▶ EXERCISE OBJECTIVE
Using the data below, reproduce exactly the lines from the line with "Kertvarosi Apartman II 티자우이바로스 외부 사진" to the line with "County Road 1437 , Vinemont, AL 35179", both included; pictures must be dropped.

▶ ENTRIES PROVIDED
◇ ◇ ◇ ◇ ◇ ◇ ◇

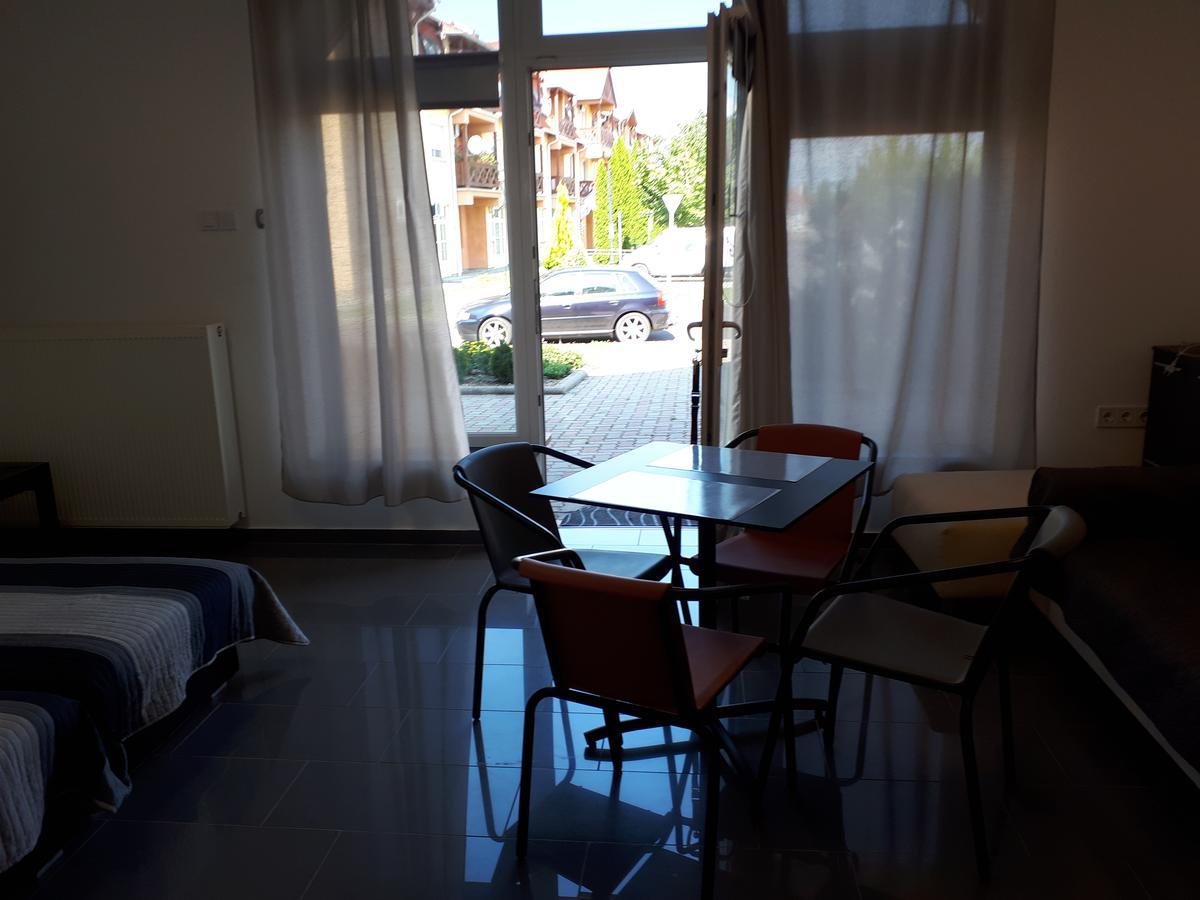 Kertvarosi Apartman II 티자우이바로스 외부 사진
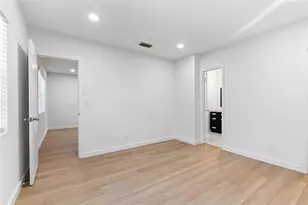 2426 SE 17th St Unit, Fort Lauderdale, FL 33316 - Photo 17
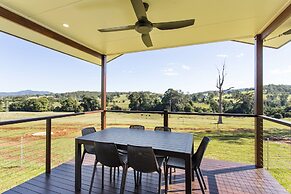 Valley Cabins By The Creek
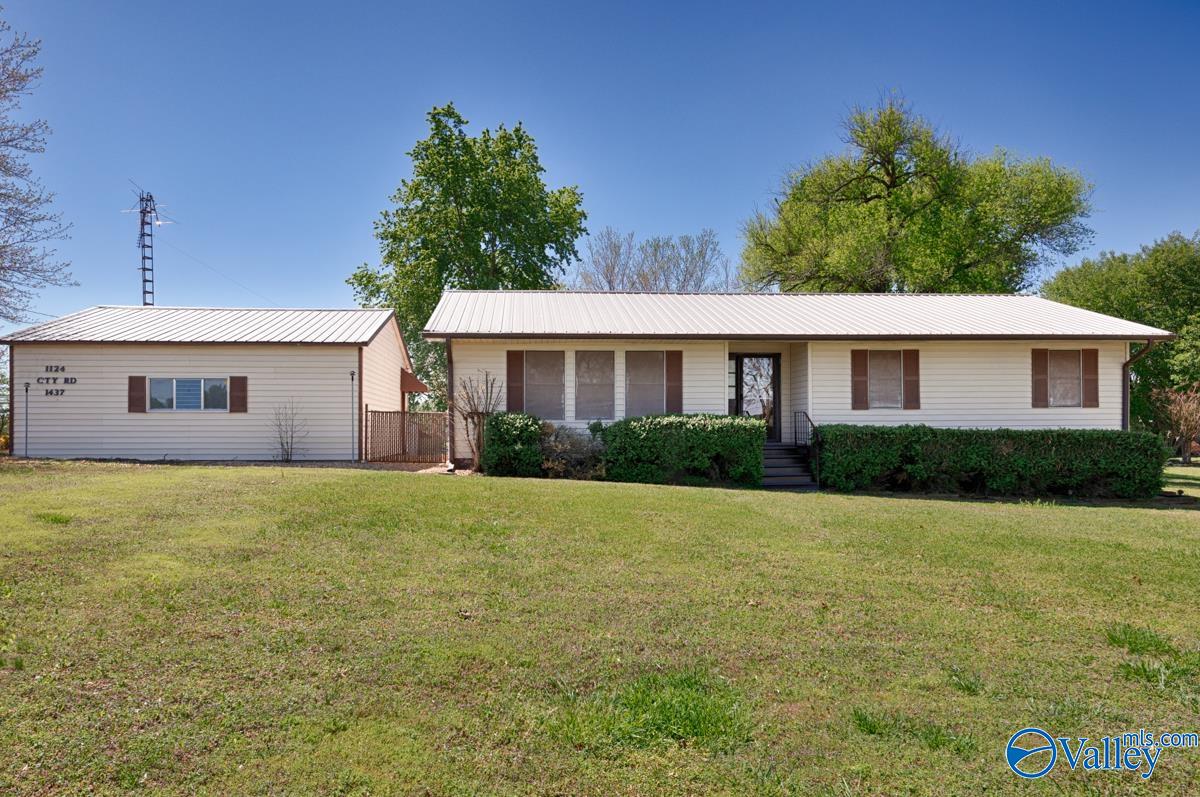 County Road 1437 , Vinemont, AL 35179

◇ ◇ ◇ ◇ ◇ ◇ ◇

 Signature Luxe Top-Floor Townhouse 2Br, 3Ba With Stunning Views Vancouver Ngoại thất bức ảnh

◇ ◇ ◇ ◇ ◇ ◇ ◇

▶ SOLUTION TO THE PROBLEM
 Kertvarosi Apartman II 티자우이바로스 외부 사진
 2426 SE 17th St Unit, Fort Lauderdale, FL 33316 - Photo 17
 Valley Cabins By The Creek
 County Road 1437 , Vinemont, AL 35179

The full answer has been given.